Just because customers come back to a company doesn’t mean they are highly satisfied. For example, Walmart doesn’t make Dr. Fornell’s list, but it still has incredible customer retention. Walmart customers want the price, and they are willing to forgo a higher level of service to get that better price.

Important! Today’s market is different. Dr. Fornell warns that investing in customer satisfaction today may not deliver outperformance because there is more demand than supply, which means that the buyer/seller relationship has changed. The seller now has more power than the buyer. In a good economy, sellers are competing for buyers. Today it’s almost the other way around, because of the short supply or scarcity of merchandise. Therefore, you may not get extra “points” or profit for customer satisfaction if there’s scarcity. Customers will do business with whatever company has the goods, even if it’s not where they would normally choose to go.
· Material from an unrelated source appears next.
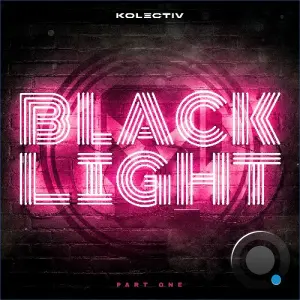 Kolectiv - The Black Light Project (Part 1) (2026)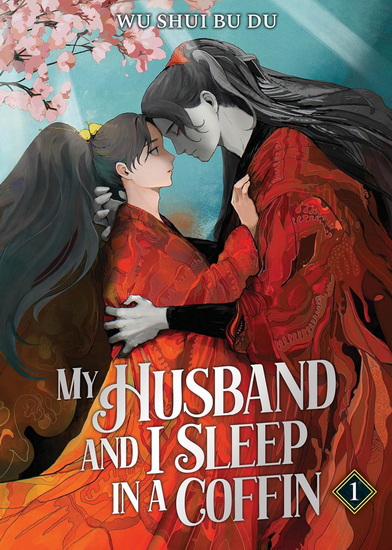 My Husband and I Sleep in a Coffin (Novel) Vol.1 - WU SHUI BU DU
As an example, Nordstrom is legendary for customer service and is on the ACSI list, but it is currently underperforming in the market. It has nothing to do with customer satisfaction—it’s because of supply issues and scarcity of product.
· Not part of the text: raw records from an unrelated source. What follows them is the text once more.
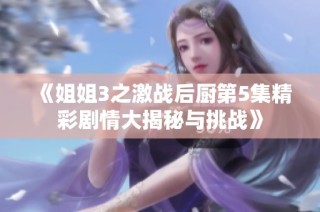 《姐姐3之激战后厨第5集精彩剧情大揭秘与挑战》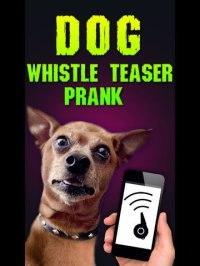 Cкриншот Dog Whistle Teaser Prank, изображение № 871215 - RAWG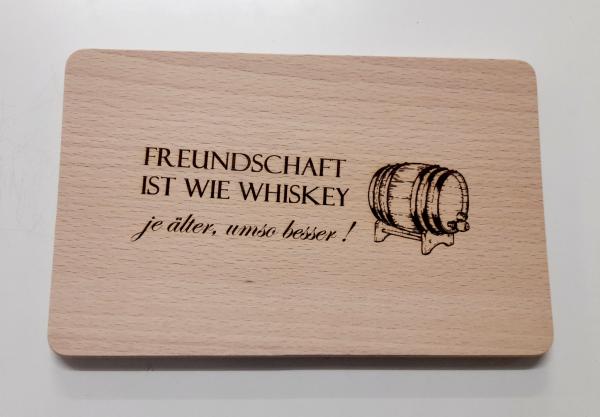 Brettchen Freundschaft ist wie ein Whiskey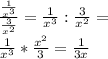 \frac{ \frac{1}{ x^{3} } }{ \frac{3}{ x^{2} } } = \frac{1}{ x^{3} } : \frac{3}{ x^{2} } = \\  \frac{1}{ x^{3} } * \frac{ x^{2} }{3}= \frac{1}{3x}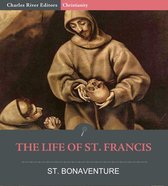 The Life of St. Francis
Ultimately, however, even considering changes in the economy, scarcity of merchandise and supply chain issues, over an extended period of time the ACSI strategy beats the market. I’ve also reported that investing in companies with higher NPS scores has beat the market. Yet another strategy is simplicity. Investing in the Siegel+Gale’s index of the world’s simplest brands can outperform the stock market as well. The theme is easy to spot. Customer service, customer experience, convenience and simplicity help to create a better customer experience that positively impacts stock price.